TO DO ▸
Look in the listing below for the line that has "Lego Friends Macska", then return it and each following line up to and including the one with "thumbnail image 2", exactly and without pictures.

*** Opening of DATA ***

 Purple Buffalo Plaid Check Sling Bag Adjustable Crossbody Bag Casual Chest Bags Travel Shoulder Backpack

*** Close of DATA ***
*** Opening of DATA ***

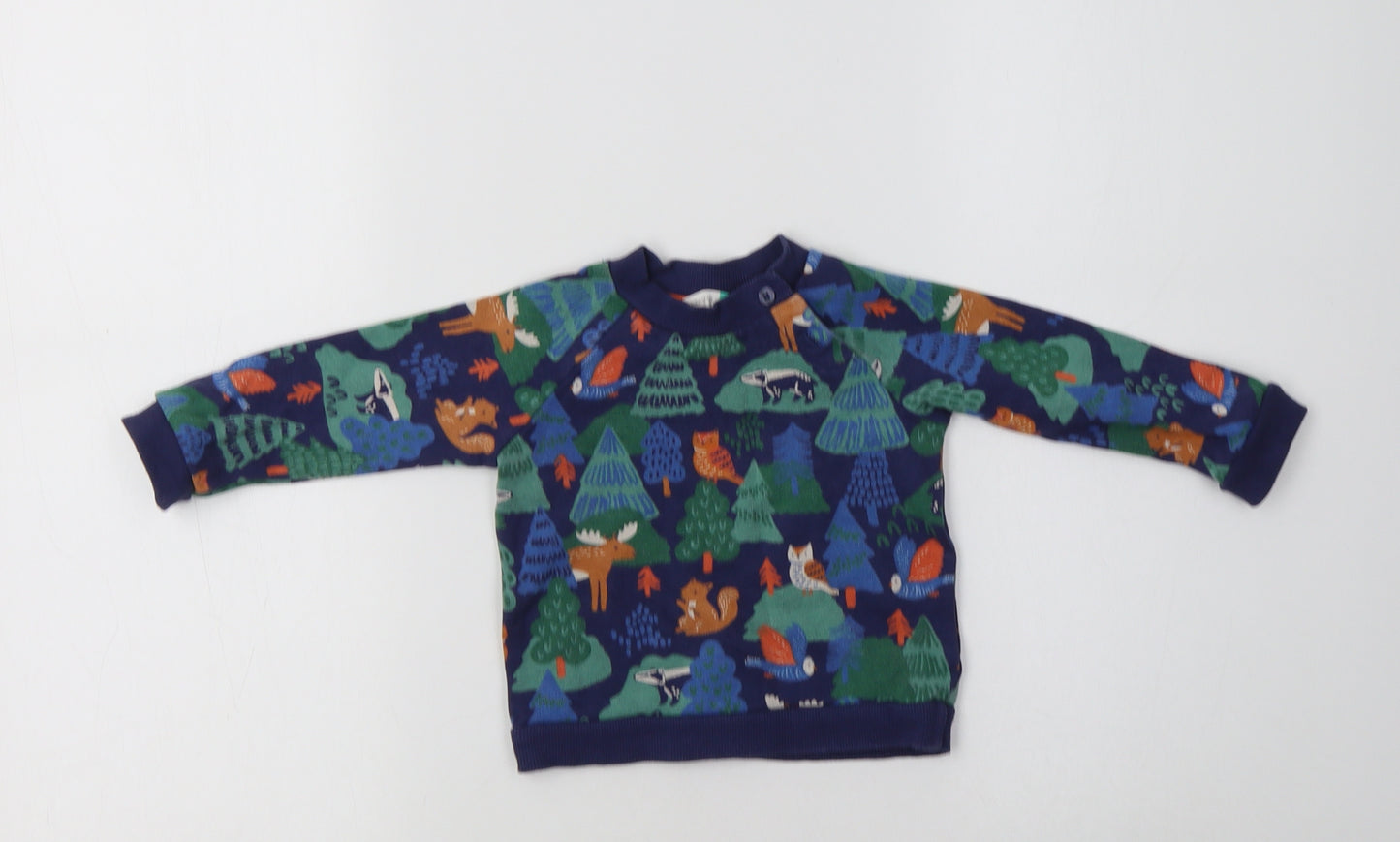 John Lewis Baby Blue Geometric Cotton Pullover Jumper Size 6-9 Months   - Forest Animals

*** Close of DATA ***
*** Opening of DATA ***

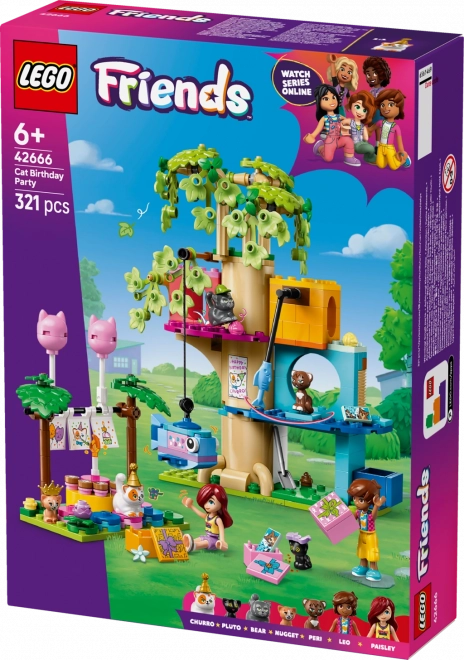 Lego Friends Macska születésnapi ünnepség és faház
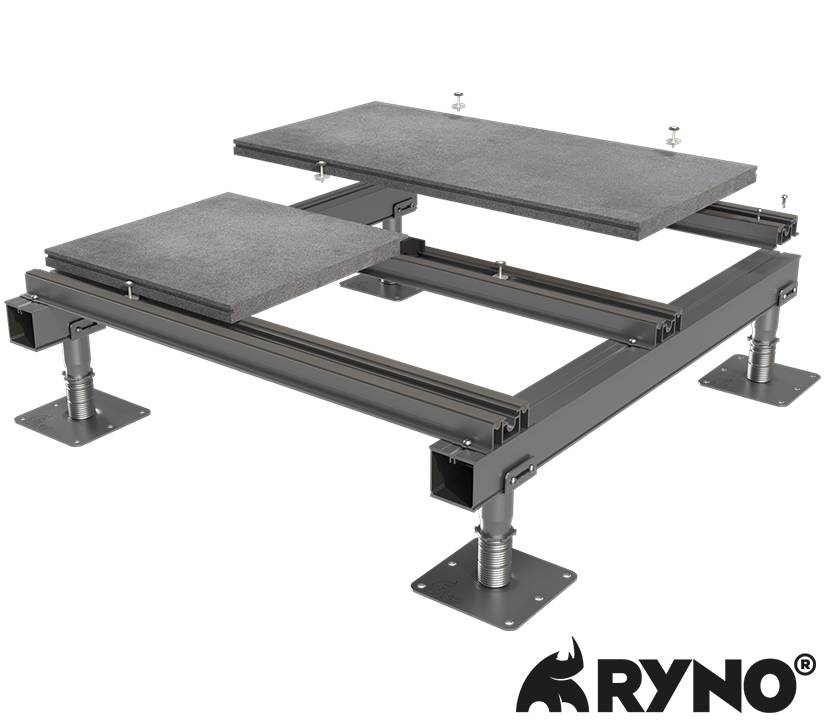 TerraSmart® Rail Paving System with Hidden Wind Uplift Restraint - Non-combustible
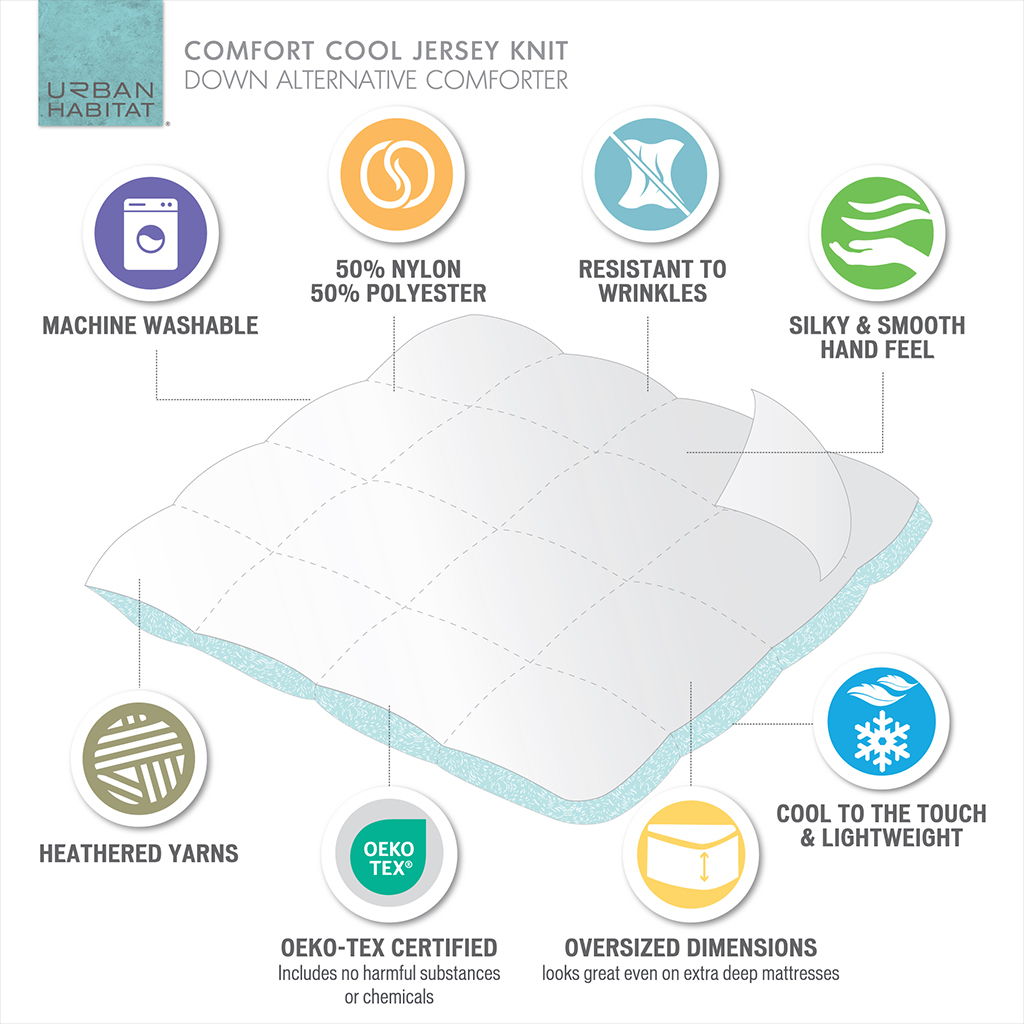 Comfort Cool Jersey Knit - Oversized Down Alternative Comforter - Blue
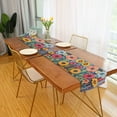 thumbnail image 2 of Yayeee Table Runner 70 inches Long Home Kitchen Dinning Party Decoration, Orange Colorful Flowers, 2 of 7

*** Close of DATA ***

ANSWER SECTION ▸
 Lego Friends Macska születésnapi ünnepség és faház
 TerraSmart® Rail Paving System with Hidden Wind Uplift Restraint - Non-combustible
 Comfort Cool Jersey Knit - Oversized Down Alternative Comforter - Blue
 thumbnail image 2 of Yayeee Table Runner 70 inches Long Home Kitchen Dinning Party Decoration, Orange Colorful Flowers, 2 of 7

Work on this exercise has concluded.